Do lado de fora, continuava a operação que mais parecia armada para a prisão de um terrorista. Com bombas de gás lacrimogêneo, agentes tentavam conter a multidão de cubano-americanos que tentavam impedir que o garoto, Elián González, então aos 6 anos de idade, fosse retirado da custódia de seus parentes maternos, afincados nos EUA, e entregue ao seu pai, cubano.

Idoso fardado de cabelo grisalho e barba sentado ao lado de menino com camiseta azul e cabelo preto
O ditador Fidel Castro e o garoto cubano Elián González durante formatura em Santa Clara - Claudia Daut/20.out.04/Reuters

A história de Elián mais parecia uma novela para quem a acompanhava no dia a dia, mas terminou sendo um determinante fator político, que ajudou a eleger o republicano George W. Bush nas eleições de 2000, com os cruciais votos da Flórida.

Primeiro, a novela. Como tantos cubanos, Elizabeth Rodríguez decidiu, ao lado de seu namorado e de outros 14 compatriotas, escapar da ilha num barco de pouco mais de cinco metros. Uma tempestade —ou muitas, os relatos variam— deixou a embarcação à deriva. A partir daqui confiamos nas lembranças de Elián recuperadas por sua prima, Marisleysis, que disse que o garoto, no momento em que percebeu que sua mãe tinha se afogado, viu golfinhos se aproximando para salvá-lo.

O fato é que Elián foi resgatado pela guarda costeira americana e entregue a seus parentes que viviam na Flórida —tios e primos; entre eles, Marisleysis, que se tornou a principal defensora de que o menino permanecesse nos EUA, mantendo-se fiel aos desejos de sua mãe.

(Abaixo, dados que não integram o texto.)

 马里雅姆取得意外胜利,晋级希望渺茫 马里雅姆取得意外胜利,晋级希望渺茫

A batalha pela custódia do garoto durou meses e foi alimentada por questões políticas. De um lado, o pai de Elián, que não o via havia anos, mas que pedia que ele voltasse à ilha, com o apoio de ninguém menos que o ditador Fidel Castro. Já a família na Flórida apoiava-se no grupo de cubano-americanos que até hoje mantém uma agenda ativa contra o regime ditatorial. A Justiça dos EUA, porém, não viu outra solução que não fosse mandar Elián de volta a Cuba, com o pai.

O que foi feito com esse garoto, nos EUA e em Havana, é no mínimo uma vergonha. Fizeram-no gravar vídeos ensaiados com a bandeira americana enquanto esteve lá. Uma vez em Cuba, Fidel Castro o adotou quase como filho, ia a aniversários e formaturas. Quando não pôde mais, deixou a função para seus sucessores, o irmão Raúl e o líder atual, Díaz-Canel.

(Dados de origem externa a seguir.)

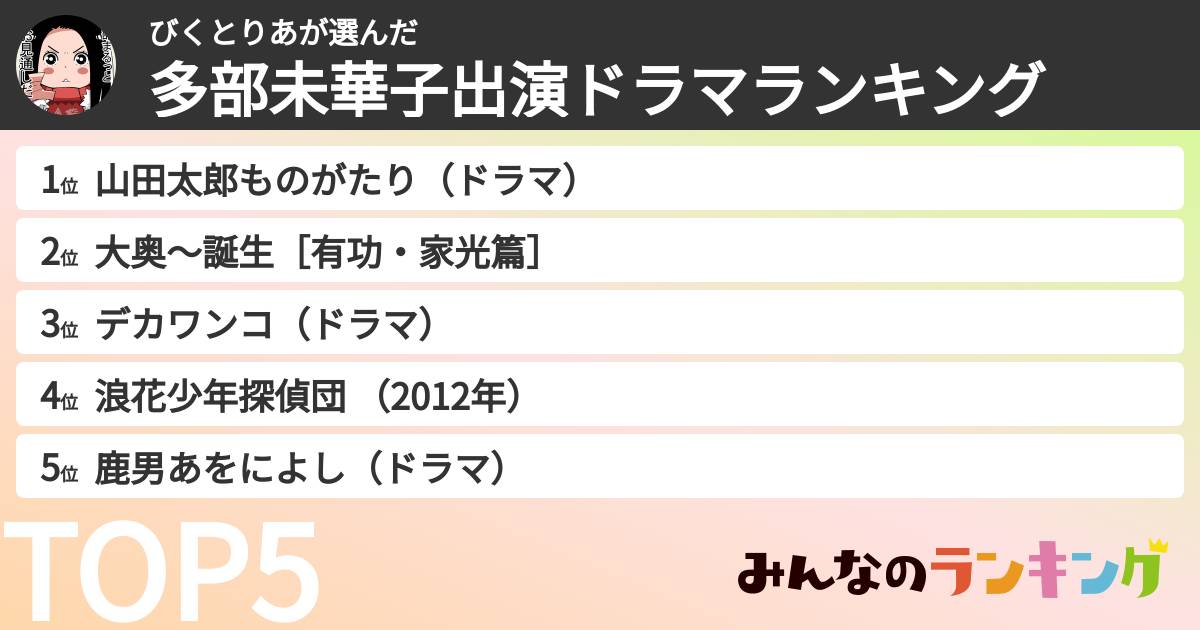 びくとりあさんの「多部未華子出演ドラマランキング」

Durante todos os seus anos de formação, Elián foi visto com Fidel ao lado, a cada formatura, a cada aniversário. "Um pai para mim", sempre repetiu. Sobre a mãe, que morreu afogada a 5 km da costa dos EUA, Elián diz: "Tudo o que ela fez nos seus últimos momentos, foi tentar me manter com vida. Mas ela estava sendo enganada pelo namorado, um delinquente."

No último mês, Elián González, agora aos 29, elegeu-se deputado por Cárdenas, onde cresceu com o pai e com seus meio-irmãos, em um pleito legislativo de poucas opções. Eram 470 candidatos apresentados no sistema de partido único, e todos saíram vencedores. De modo geral, a eleição mostrou o regime desgastado, com a menor participação de votantes na história das votações legislativas.

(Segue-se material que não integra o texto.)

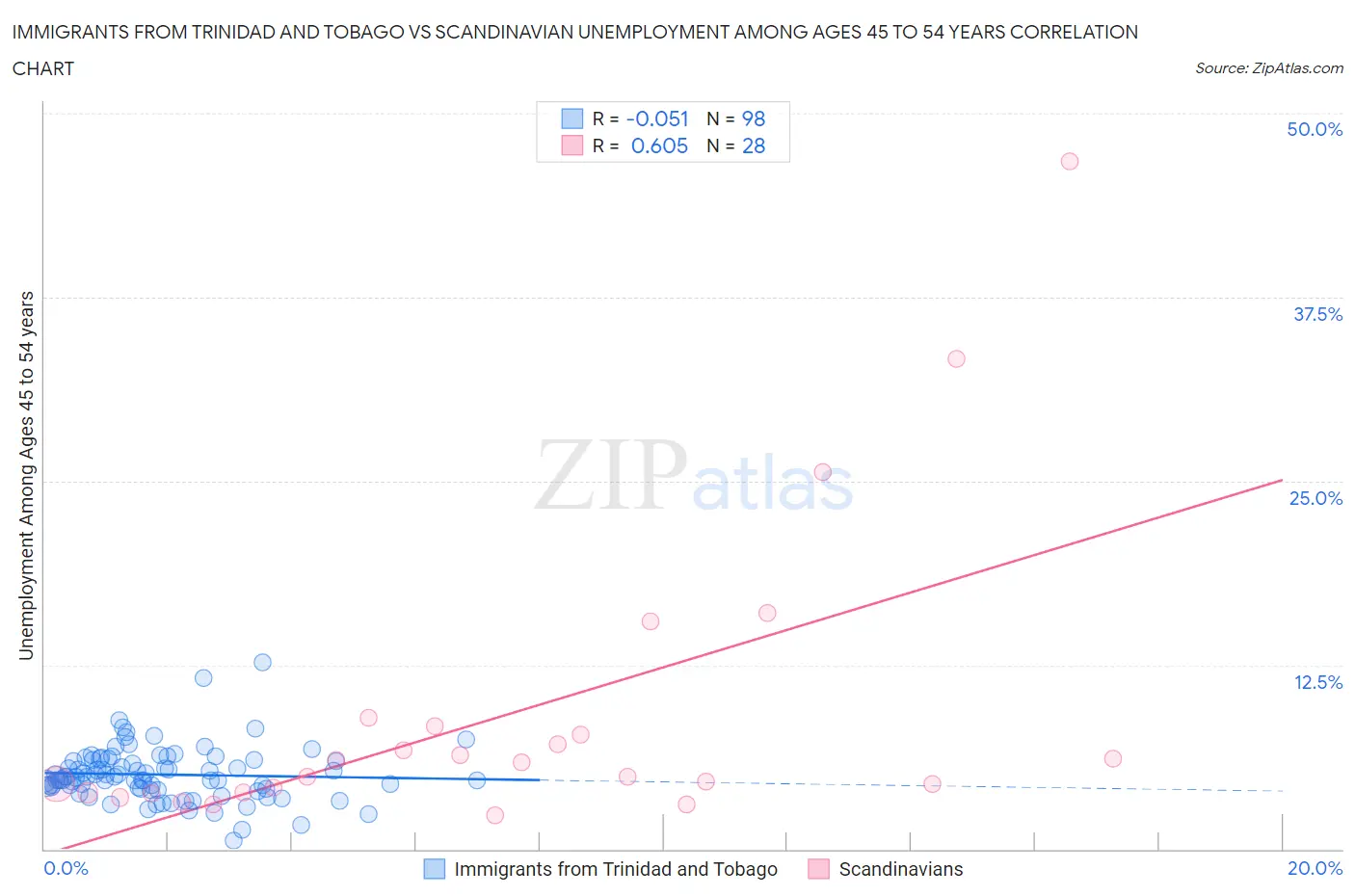 Immigrants from Trinidad and Tobago vs Scandinavian Unemployment Among Ages 45 to 54 years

O recém-eleito parlamentar se mostrou compreensivo. "As pessoas deram um voto de castigo, e dá para entender, precisamos fazer mais", disse Elián. "Quero ir aos EUA, quero reunir famílias separadas pelo ódio, como vi em tão tenra idade", afirmou, depois da votação, com a ressalva de que considera que "a mão de Fidel" estará sempre sobre seu ombro.

Elián diz que ficou otimista quando viu Raúl Castro e Barack Obama anunciando uma reaproximação, mas afirma que muito há de ser feito e que "o império é traiçoeiro". Tem saudades da família nos EUA, sim, mas diz que é preciso "limar hostilidades", e que por isso se elegeu parlamentar. Também quer ir em breve aos EUA. "Isso de separar famílias por questões políticas está muito errado."

Será Elián uma chave para aparar arestas com os EUA? Ou mais um nome para uma possível sucessão de poder na ilha? Díaz-Canel terá em abril a possibilidade de seguir à frente do regime. Ou de ser substituído.